= Religious Council (Israel) =

Israeli Municipal Government entities

Religious Councils are Israeli municipal entities responsible for providing Jewish Religious Services on a municipal level. The councils are independent, but are appointed and regulated by Municipal Governments and the Ministry of Religious Services.

== History ==
The initial basis for Religious Councils are the Committees for Kosher Slaugher established by the Jewish Community Regulations, adopted in 1927 by the High Commissioner of Palestine. In 1935, several of the local community countcils established by the Ordinance formed Local Religious Councils to handle the provision of religious services, which were formally codified in a regulation passed in 1937.

Following Israeli Independence in 1948, the Ministry of Religions (later the Ministry of Religious Affairs) was established and assumed responsibility for the Councils. In 1971, The Knesset passed the Jewish Religious Services Act, which remains the legal basis for the operation of Religious Councils.

In 2003, the Ministry of Religious Affairs was abolished and the responsibility for Religious Councils passed to the newly-established National Authority for Religious Services, a department within the Prime Minister's Office.

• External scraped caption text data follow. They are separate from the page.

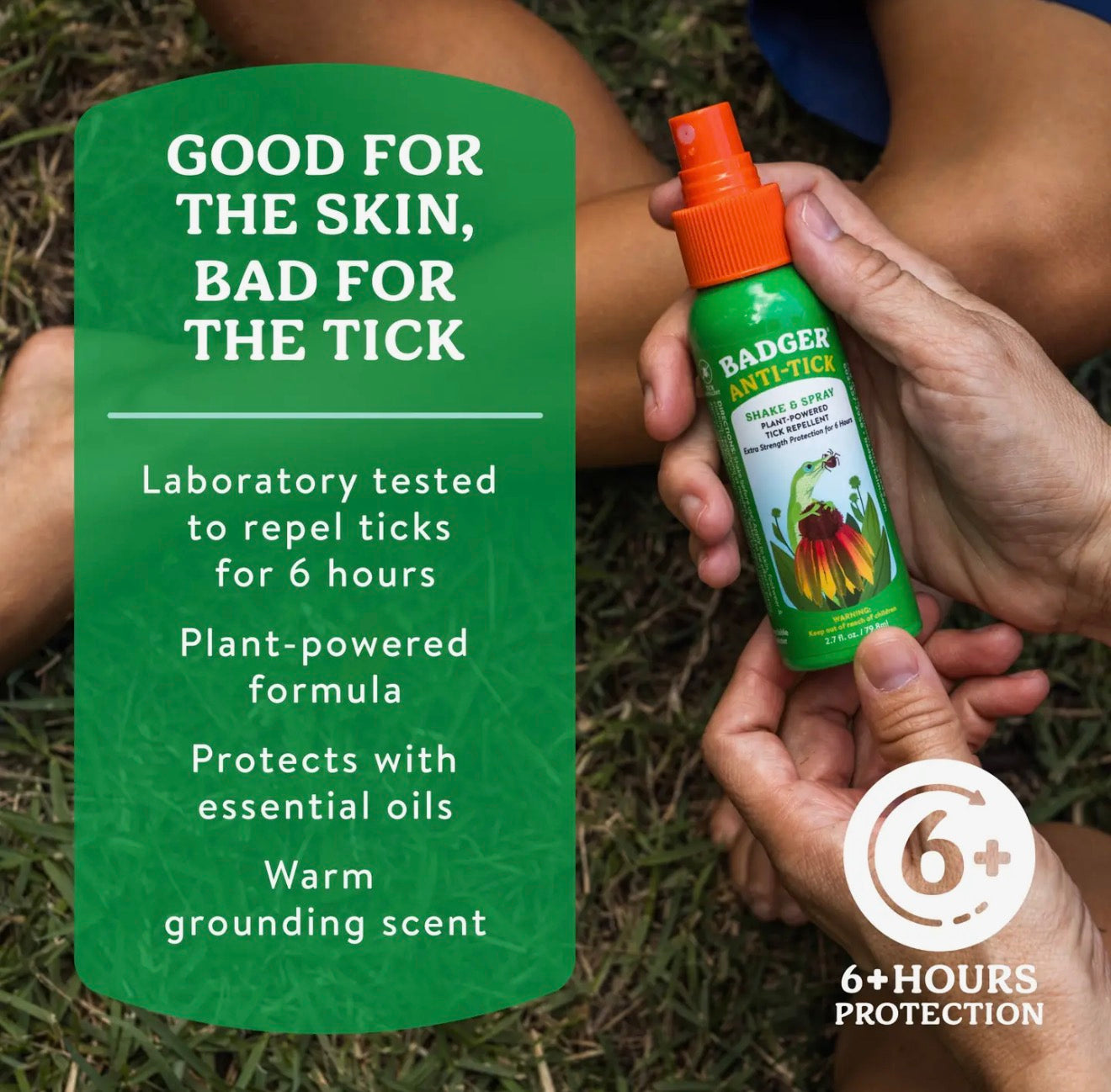 Badger Tick Spray, All Natural Tick Repellent, Deet-Free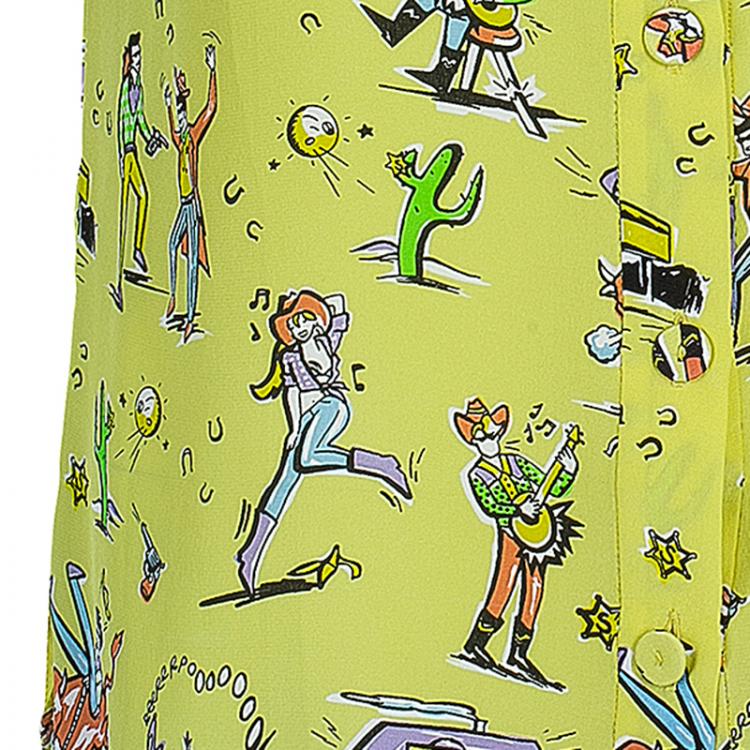 Pre Owned Prada Yellow Multicolor Print Collar Top S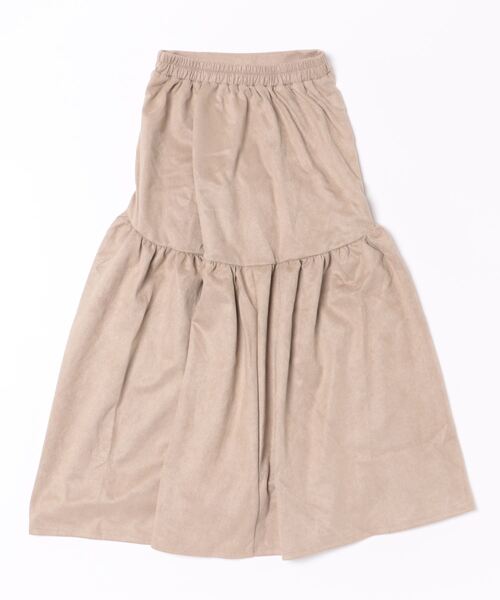 and it_(アンドイット)の「スエードポンチティアードスカート(スカート・レディース・アイボリー/スミクロ/グレイッシュベージュ・M)」の4枚目の写真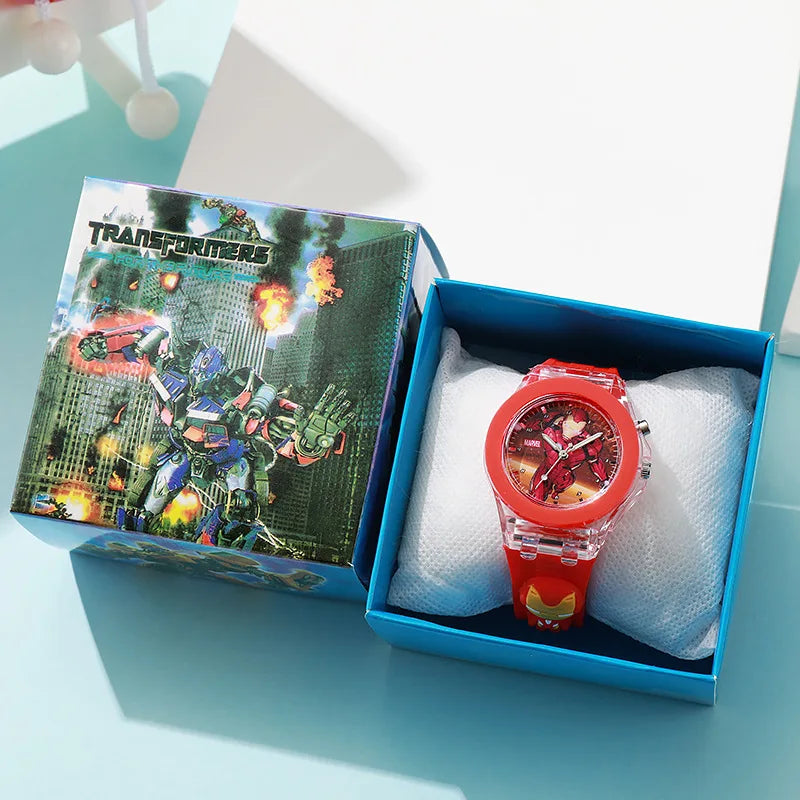 Cartoon Mickey Flash Light Girls Watches with Box Silicone Strap Spiderman Children Watches Kids Student Clock reloj infantil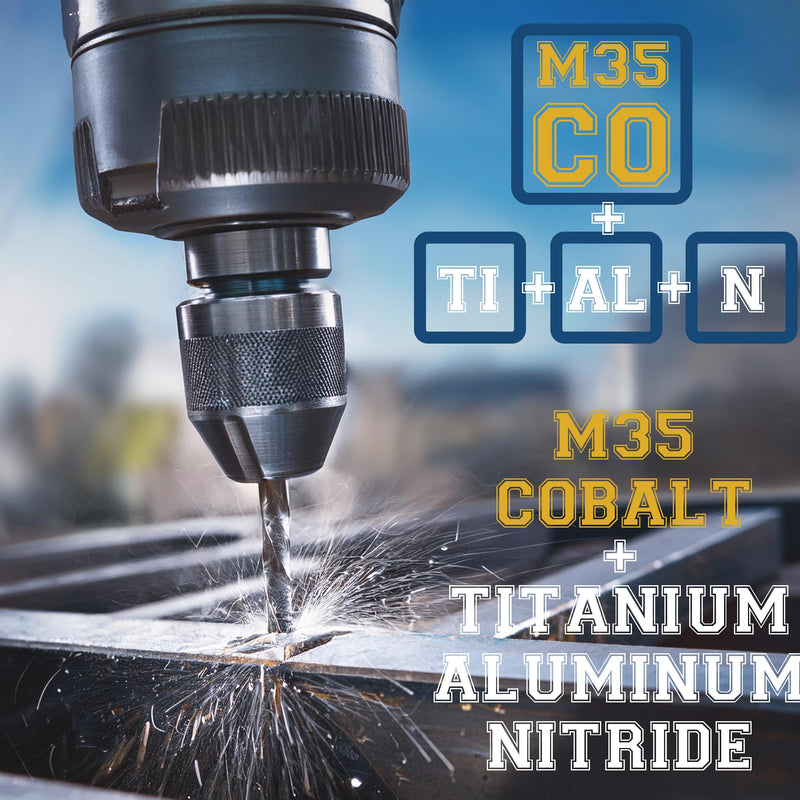 1/8 Inch Drill Bit (3 Pack) Industrial Grade M35 Cobalt Titanium Aluminum Nitrite - 1/8" Diameter & Total Length of 2-3/4" with Working Length of 1-1/4" Easily Drill Into Metal, Steel, & Aluminum 1/8 in 3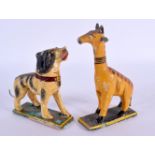 A PAIR OF VINTAGE FOLK ART PAINTED WOOD ANIMALS. Largest 13 cm x 8 cm.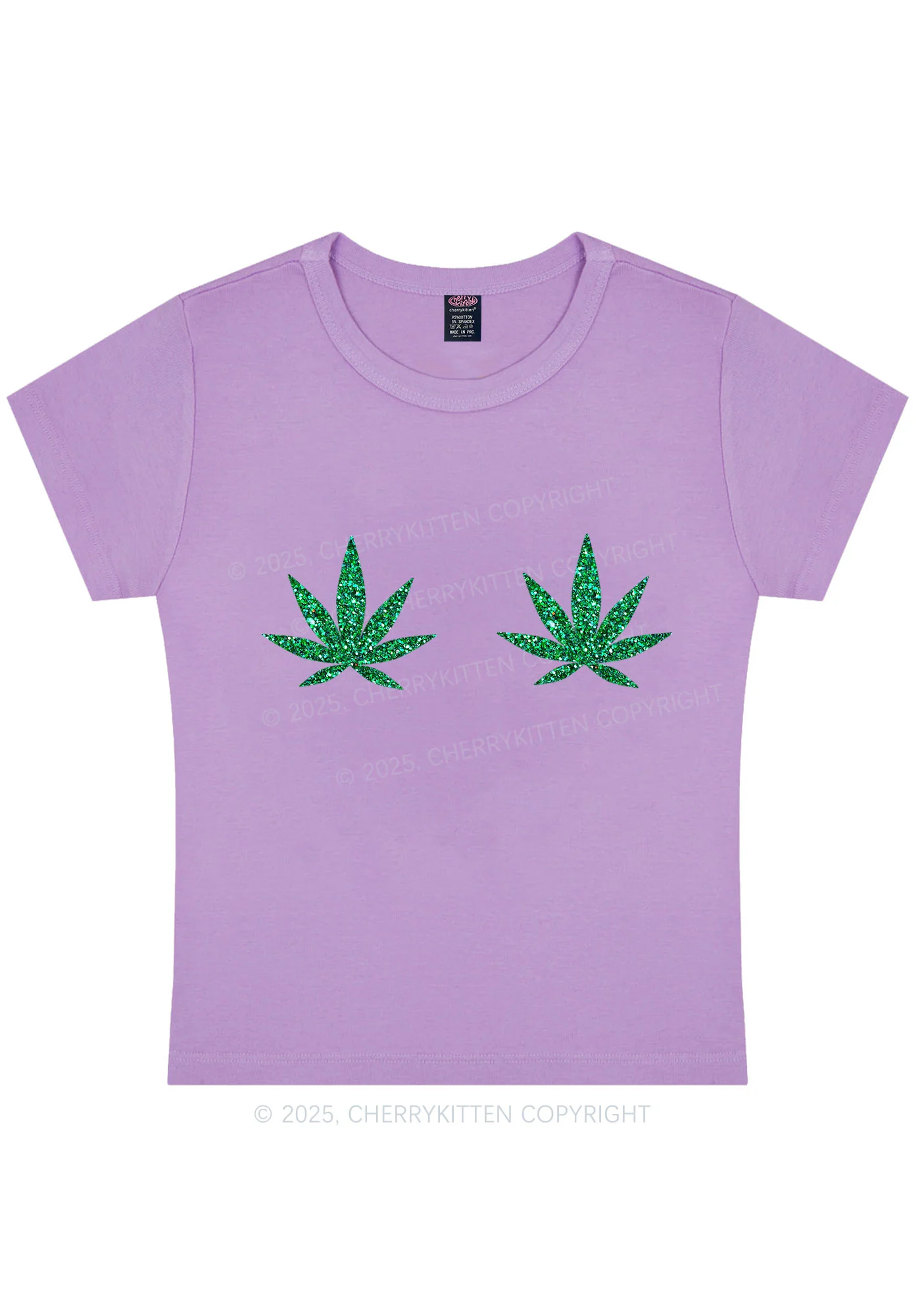 Glitter Wxxd Leaf Y2K Baby Tee Cherrykitten - Image 8
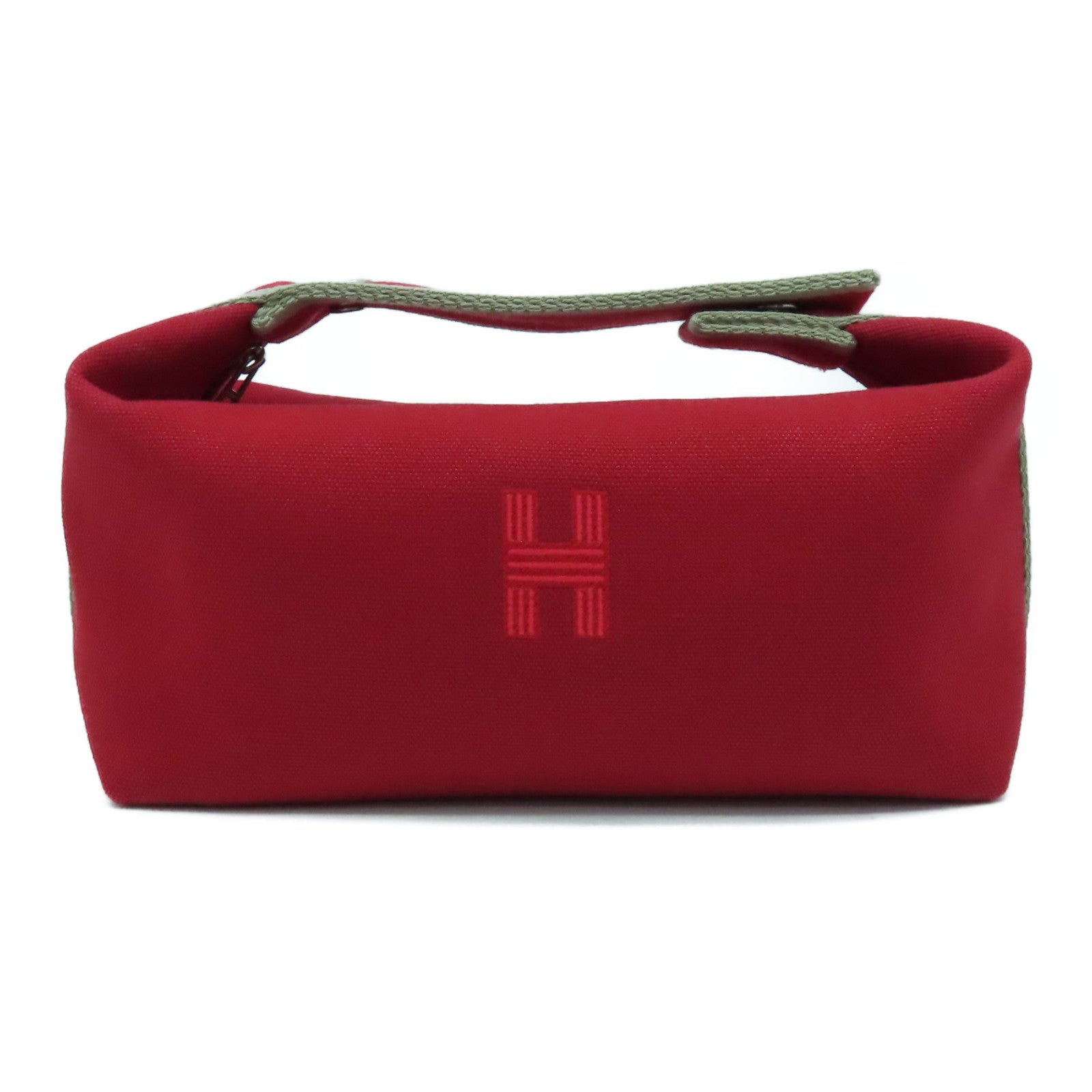 HERMES 帆布Bride A Brac Small銀扣手挽袋紅色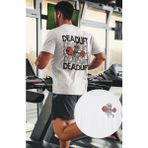 Fuddy Moda Oversize Deadlift Sırt Baskılı Tişört, Unisex Gym Fitness Temalı T-Shirt - Beyaz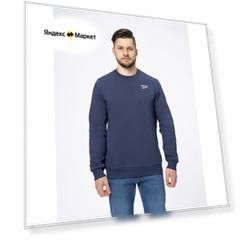 Свитшот спортивный Reebok Identity Small Logo Fleece Crew, размер S, , синий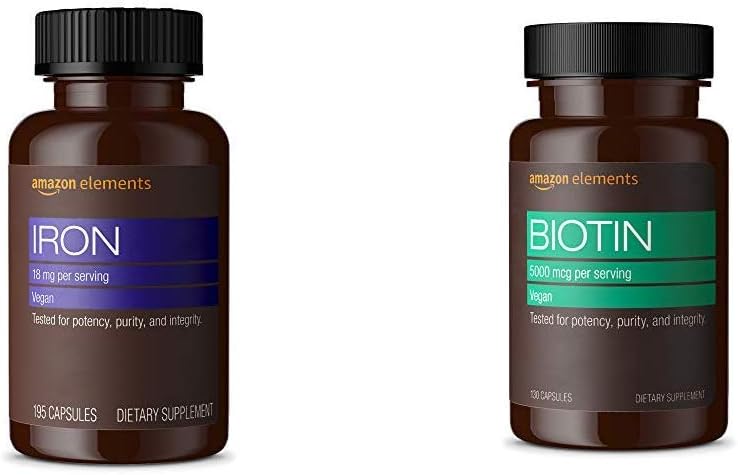 Elements Iron 18mg Capsules, Supports Red Blood Cell Production, Vegan (195 Count, 6 Month Supply) and   Elements Vegan Biotin 5000 mcg - Hair, Skin, Nails (130 Capsules, 4 Month Supply) 2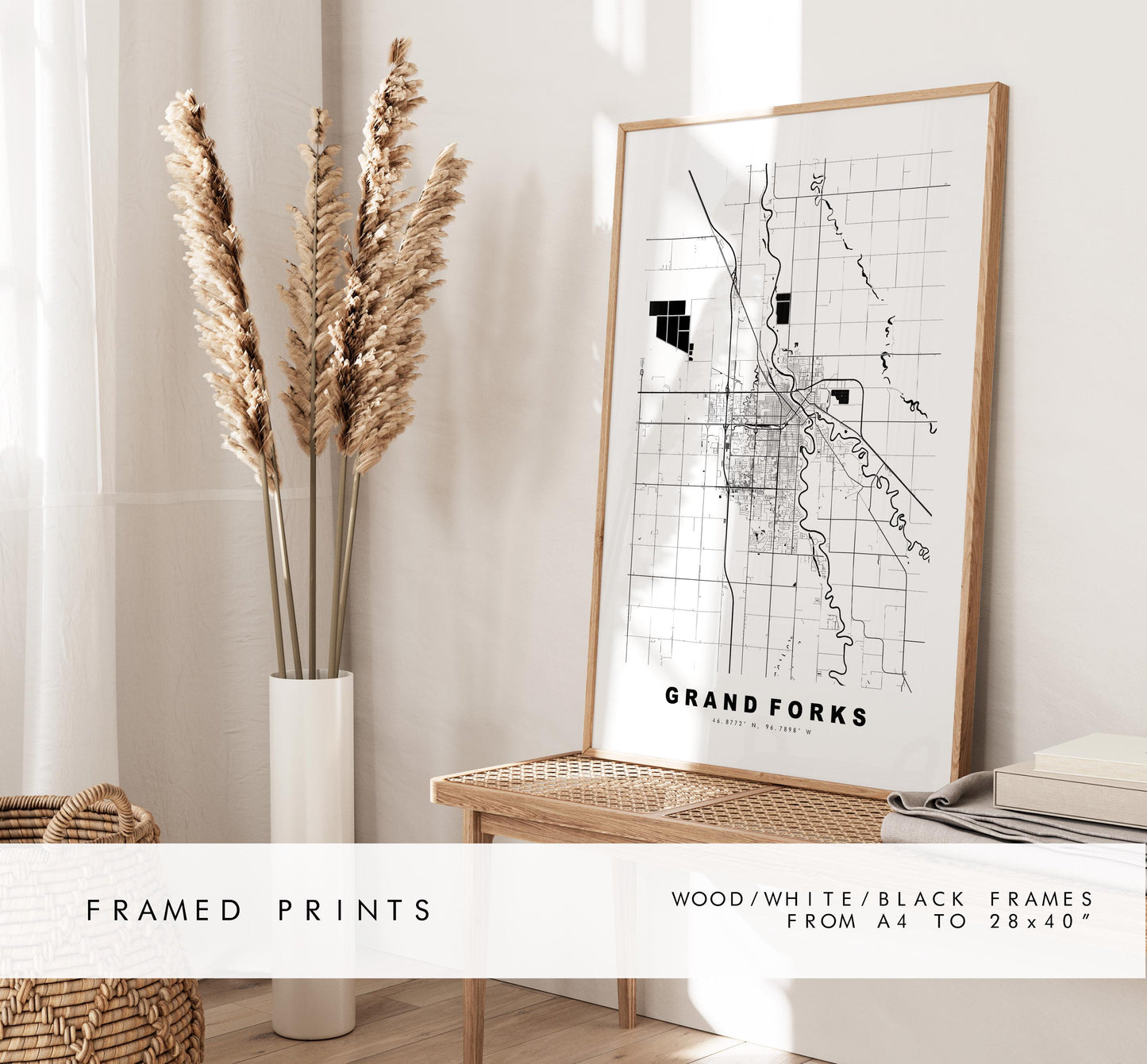 Grand Forks Map Print - City Map Poster - Map Art - USA City Maps - Grand Forks Print - Poster - Minimalist City Map - North Dakota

The Department was reformed in 2008 into the Ministry of Religious Services, which assumed responsibility over the Councils.

== Responsibilities ==
Religious Councils are responsible for providing Jewish Religious Services on a municipal level. These include Kashrut inspections, burial services, the registration of marriages, the maintenance of religious institutions (such as synagogues and mikvehs), the employment of a local rabbi and the support of religious activities.

== Structure ==
Religious Councils are appointed at the beginning of every municipal term. 45% of a council's members are appointed by the local municipal council, (Note: Depending on the Local government, this could be a City council, a Local council or a Regional council) 45% are appointed by the Minister of Religious Services, and the remaining 10% are selected by local rabbis. The Size of the Council is determined by the Minister of Religious Services. If any difficulties arise in forming a council, it is instead replaced with two appointees by the Minister of Religious Services. (Note: Per a 2004 amendment to the Jewish Religious Services Act. (Finklestein, 2018, p. 21)) The Council's members select a Chairman, who is responsible for its management. The Chairman is the only salaried member of the council.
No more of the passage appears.